“Where do we find the money?” It’s a question that might remind you of watching some suspense movie, but officials in Colorado are addressing similar inquiries.
Sen. Greg Brophy, R-Wray, wants lawmakers to consider tapping into money now earmarked for public schools to pay for road construction. He suggested that the revenue source could generate nearly $4 billion for highway construction over the next decade.
During a meeting of the Long-Term Fiscal Stability Commission, Brophy brought up the possibility of accessing a portion of money now devoted to basic state aid for schools. Colorado law requires that state funding for public schools be indexed for inflation plus 1 percent.

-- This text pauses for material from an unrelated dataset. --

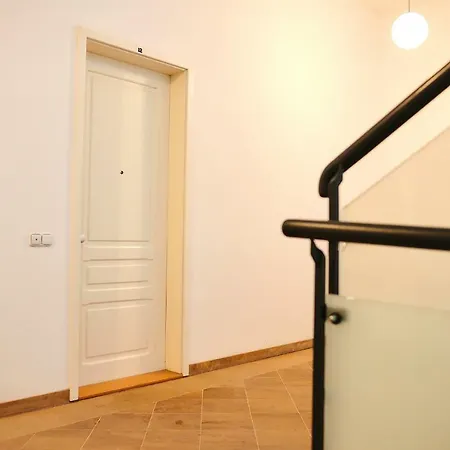 公寓 Lovely Studio Near Centre + Free Garage Parking *
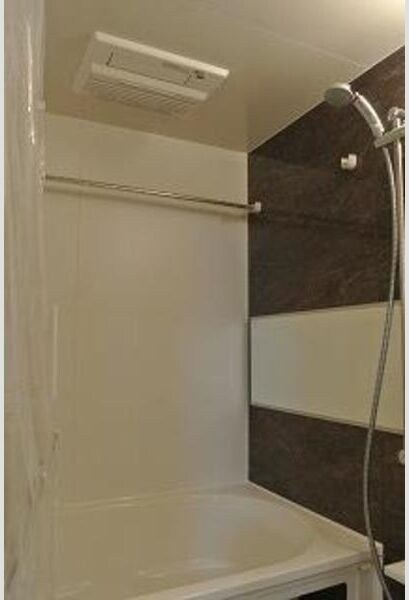  セレニティー大須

But once the calendar turns to 2012, the 1 percent requirement is set to expire. That’s when Brophy would like to shift the revenue to roads and bridges. Over a 10-year period, he said it would amount to $3.8 billion for transportation projects, The Denver Post reported.
A special transportation panel appointed by Gov. Bill Ritter decided in 2007 that the state needs to come up with an extra $500 million annually just to keep pace with road and bridge needs. In addition, the group said Colorado needs to find another $1.5 billion a year to pay for transportation work. The group recommended the state boost a combination of fees and the fuel, sales and severance taxes.
The fiscal stability commission was established during this year’s legislative session to look at fiscal problems resulting from tight budgets and recommend how to resolve them, which includes transportation funding. They are scheduled to meet several times during the next few months before issuing a final report.